** Opening Supplied material block **

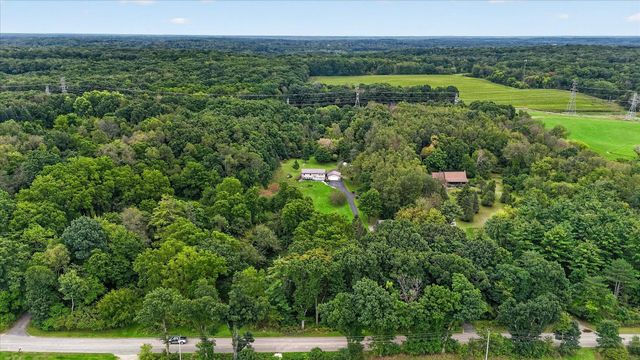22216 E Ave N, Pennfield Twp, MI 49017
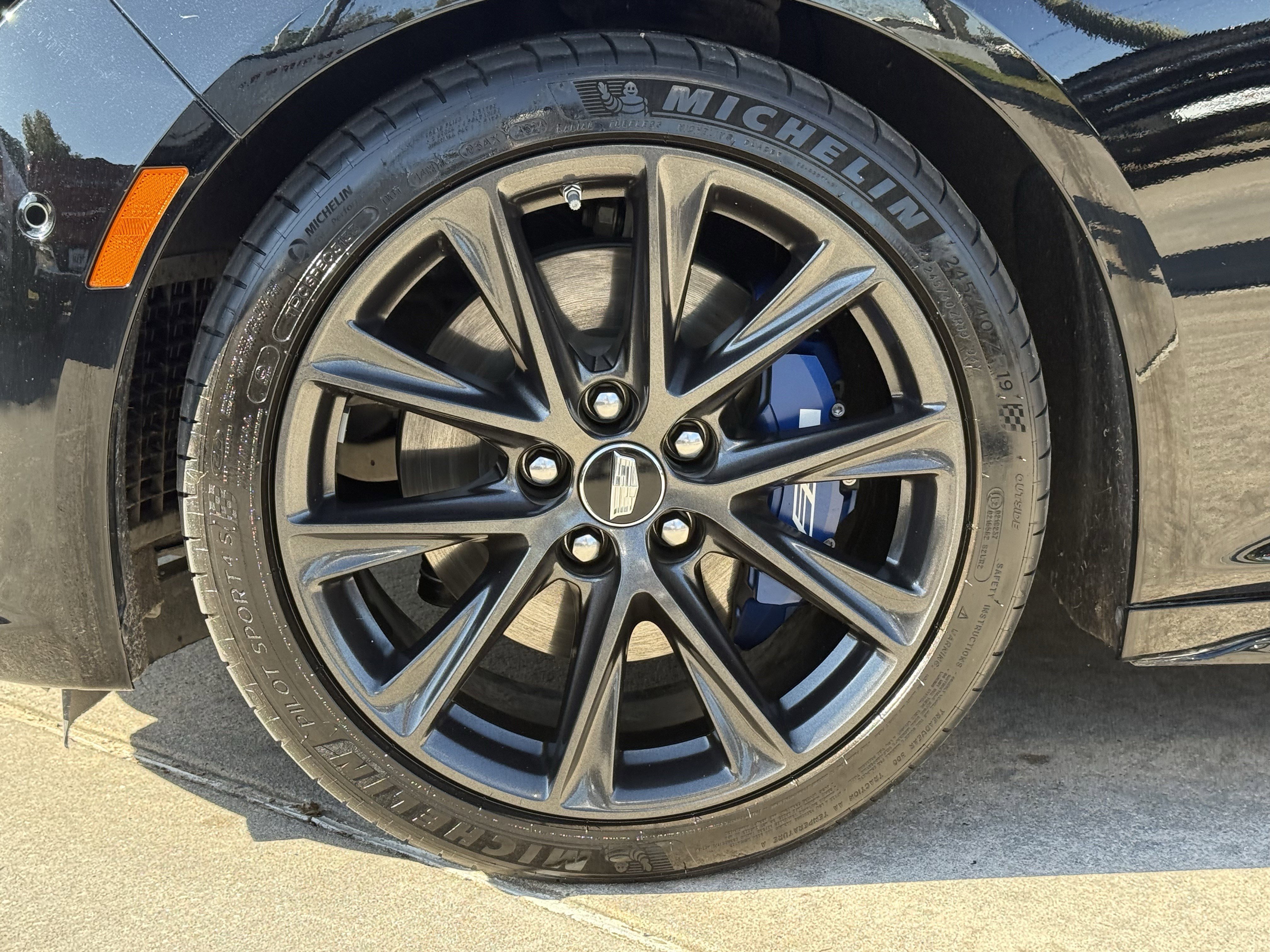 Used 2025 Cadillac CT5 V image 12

** Closing Supplied material block **
** Opening Supplied material block **

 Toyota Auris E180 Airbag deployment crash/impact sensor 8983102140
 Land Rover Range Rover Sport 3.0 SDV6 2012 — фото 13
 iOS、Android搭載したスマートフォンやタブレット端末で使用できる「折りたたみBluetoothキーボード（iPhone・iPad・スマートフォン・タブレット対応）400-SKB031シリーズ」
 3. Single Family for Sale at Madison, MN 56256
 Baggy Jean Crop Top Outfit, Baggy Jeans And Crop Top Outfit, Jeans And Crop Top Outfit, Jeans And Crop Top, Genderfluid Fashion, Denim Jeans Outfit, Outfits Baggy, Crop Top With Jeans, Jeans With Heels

** Closing Supplied material block **
** Opening Supplied material block **

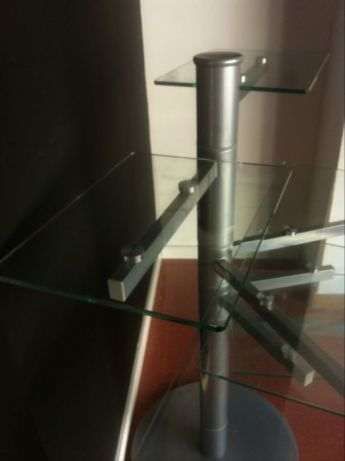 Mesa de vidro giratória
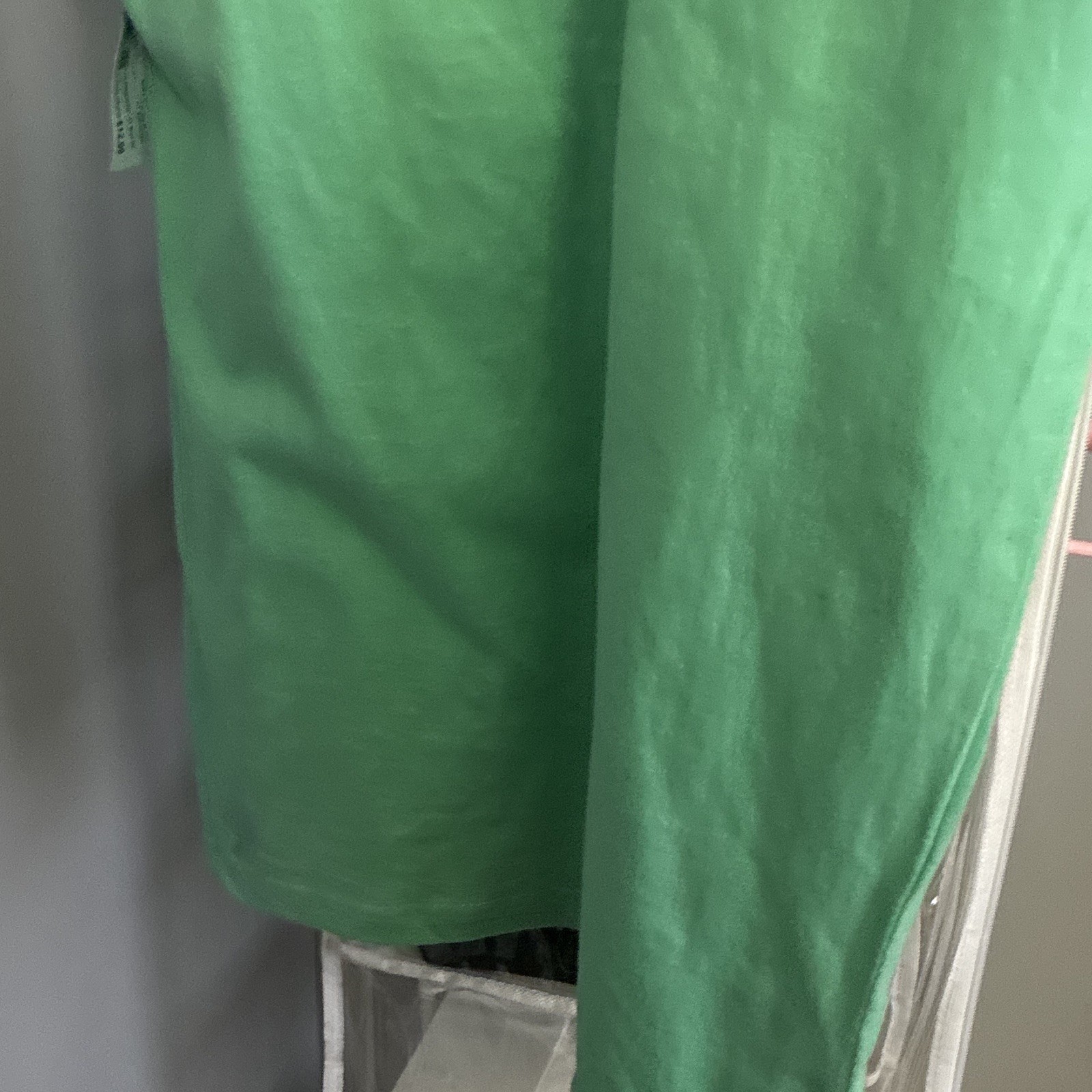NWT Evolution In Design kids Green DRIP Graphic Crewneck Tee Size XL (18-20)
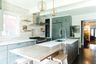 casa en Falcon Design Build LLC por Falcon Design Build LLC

** Closing Supplied material block **

§ **Exercise brief**
Within these entries, output exactly the lines starting at the one with "22216 E Ave N, Pennfield Twp, MI 49017" and finishing at the one with "Used 2025 Cadillac CT5 V image 12". Leave pictures out of the output.

§ **Exercise answer**
22216 E Ave N, Pennfield Twp, MI 49017
 Used 2025 Cadillac CT5 V image 12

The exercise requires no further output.